Japan's Toshiba Corp is in discussions to buy out U.S.-based Shaw Group's 20 percent stake in nuclear power plant company Westinghouse Electric Co, the Wall Street Journal reported, in a deal that would erase all American ownership of the 125-year-old Westinghouse.
Shares of Toshiba fell 5.8 percent to 2- year lows on Tuesday on concerns the chipmaker would be saddled with costs of buying additional shares it agreed in principal to acquire five years ago, before Japan's worst nuclear disaster put a chill on global demand for new reactors.
A deal could be announced as early as Tuesday, although the discussions are still ongoing and could fall apart, the paper said, citing people familiar with the matter. It did not mention a price.
Shaw partnered with Toshiba and Japanese engineering firm IHI Corp to buy Westinghouse from British Nuclear Fuels PLC for $5.4 billion five years ago. Toshiba bought 77 percent, Shaw purchased 20 percent, and IHI took 3 percent.
The company is not cash-rich, so investors are concerned that it may have to go through equity financing if it decides to buy the stake, said Makoto Kikuchi, chief executive of Myojo Asset Management.
A Tokyo-based spokesman for Toshiba declined to comment on the report. Officials at Westinghouse were not immediately available for comment. Shaw declined to comment.
The talks, if the report is true, come at a time when nuclear energy strategy has been reviewed globally after Japan's nuclear power plants were severely damaged by the earthquake and tsunami that hit the nation's northeastern coast in March, spreading radioactive materials.
OPTION TO SELL STAKE
Founded in 1886, Westinghouse pioneered long-distance and high-voltage power transmission. It also built the reactors for the world's first nuclear submarine and nuclear aircraft carrier.
Under the original deal in 2006, Shaw has an option to sell its Westinghouse stake to Toshiba.
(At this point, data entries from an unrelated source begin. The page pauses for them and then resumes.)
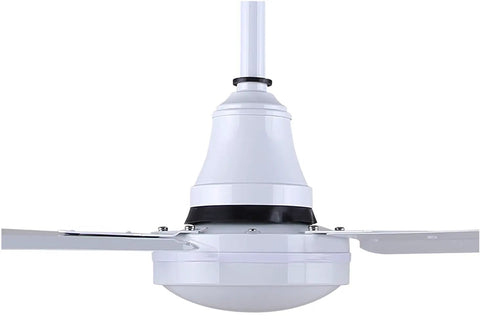 56-Inch White Industrial Ceiling Fan With A Whisper-Quiet DC Motor For Gyms Schools Studios And Big Spaces Energy-Efficient Cooling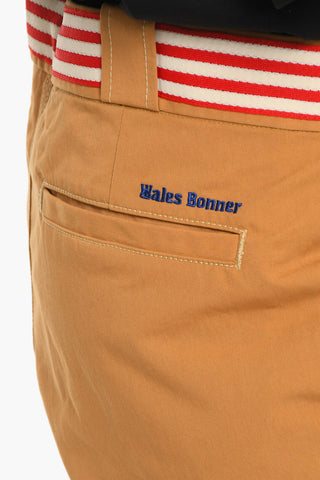WALES BONNER Regular Fit Pants with Awning Striped Belt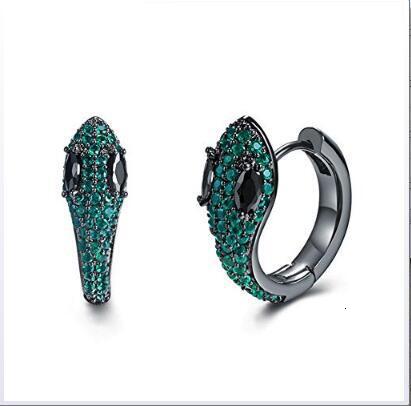 Luxury Brand Designer Exquisite Snake-Shaped Earrings European And American Three-Dimensional Funny Ear Jewelry Copper Micro-Inlaid Women's Minim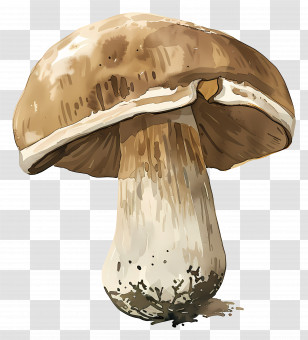 Shiitake Mushroom - Realistic Illustration Of A Mushroom Transparent PNG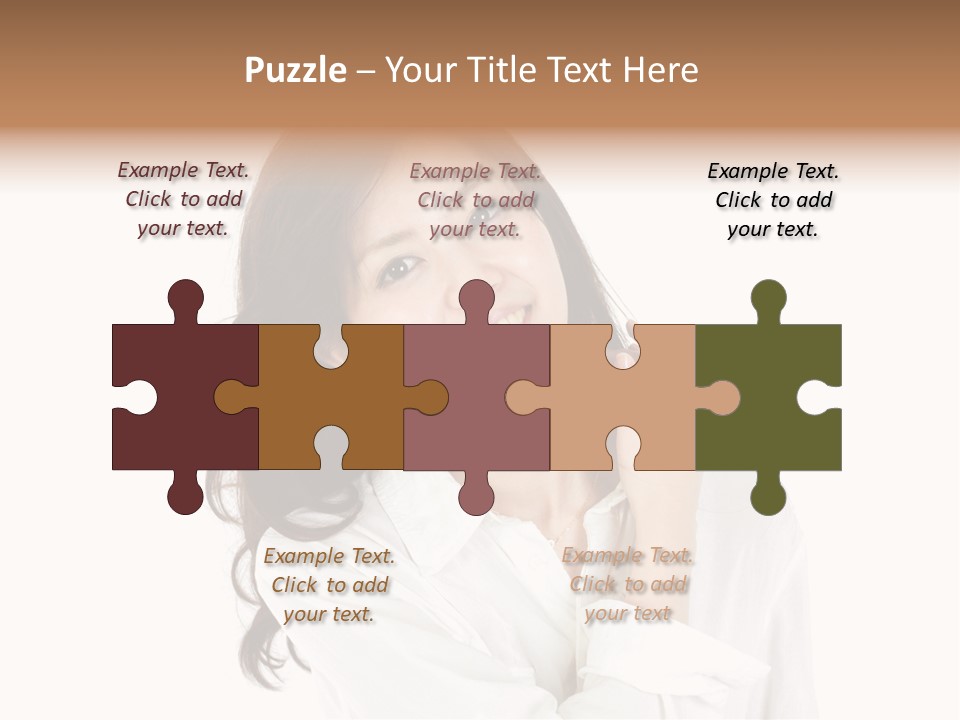 Face Female Young PowerPoint Template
That option will expire at the end of February 2013 and Toshiba has been negotiating with Shaw to extend the period.
Toshiba, the world's No.2 maker of flash memory chips, has been under pressure to trim its non-core operations as it steels itself for quake-hit demand in Japan.
The company reported in July an 88 percent fall in its quarterly operating profit, blaming a slide in chip prices.
For Toshiba, this (additional stake purchase) will be a burden. They will have to divert resources they would probably want to deploy elsewhere. said Damian Thong, Macquarie Capital analyst.
I don't think it's such a big problem for Toshiba to borrow money to do this, but it's still an additional burden, he added.